Tee Land notched a widening net loss of S$23.8 million for the 12 months to May 31, nearly three times worse than the S$8.69 million the year before, according to results released on Tuesday.
The deeper losses came amid a 7.9 per cent fall in turnover, to S$8.7 million, on lower revenue from Third Avenue in Malaysia and the absence of contributions from two other projects.
Thirteen units at The Peak were moved at a gross loss of S$1.3 million, while Tee Land rang up variation orders and extra costs at Third Avenue, on certain construction requirements.
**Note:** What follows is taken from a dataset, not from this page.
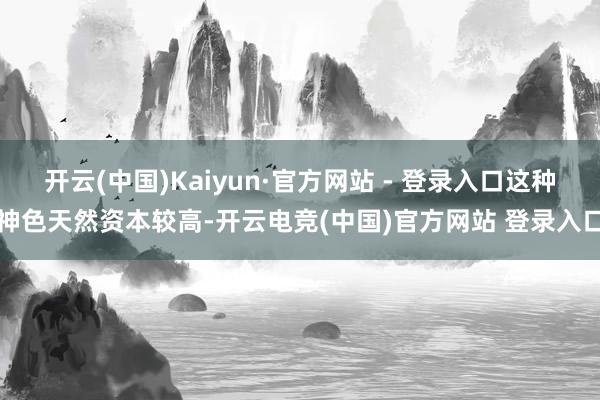 开云(中国)Kaiyun·官方网站 - 登录入口这种神色天然资本较高-开云电竞(中国)官方网站 登录入口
Compensation for a delay in delivering Third Avenue units, as well as a rental guarantee for shop units affected by the soft Malaysian rental market, also affected the group’s showing.
Besides the jump in cost of sales, the bottom line was hurt by a fall in other operating income from the lack of an unrealised currency gain and absence of dividend from a former Thai associate, while the group’s share of results from associates turned negative amid losses at that associate, before Tee Land’s divestment.
Tee Land said in a statement that if the impact of new accounting standards, one-off costs and non-cash items were excluded, it would have notched a pre-tax profit of S$400,000, instead of the S$26.2 million pre-tax loss that it actually recorded.
The group made a loss per share of 5.33 Singapore cents for the full year, widening from a loss per share of 1.95 Singapore cents the previous year, while net asset value was 27.1 Singapore cents a share, down from 32.8 Singapore cents before.
“The group will take a cautious approach when seeking opportunities to acquire new land sites and in making any investments,” Tee Land said in its outlook statement.
Describing the Singapore residential market as challenging, the company warned that delays in achieving full sales or completing of its projects, under regulatory timelines, “could also adversely affect the group’s performance”.
It added that the performance of its overseas businesses is expected to be hit by a mix of local political events and currency movements.
No dividend was recommended for the period - compared with a full-year pay-out of 0.4 Singapore cent a share for the year prior - which the board said was “on grounds of prudence”.
The counter closed flat at S$0.167, before the results were released.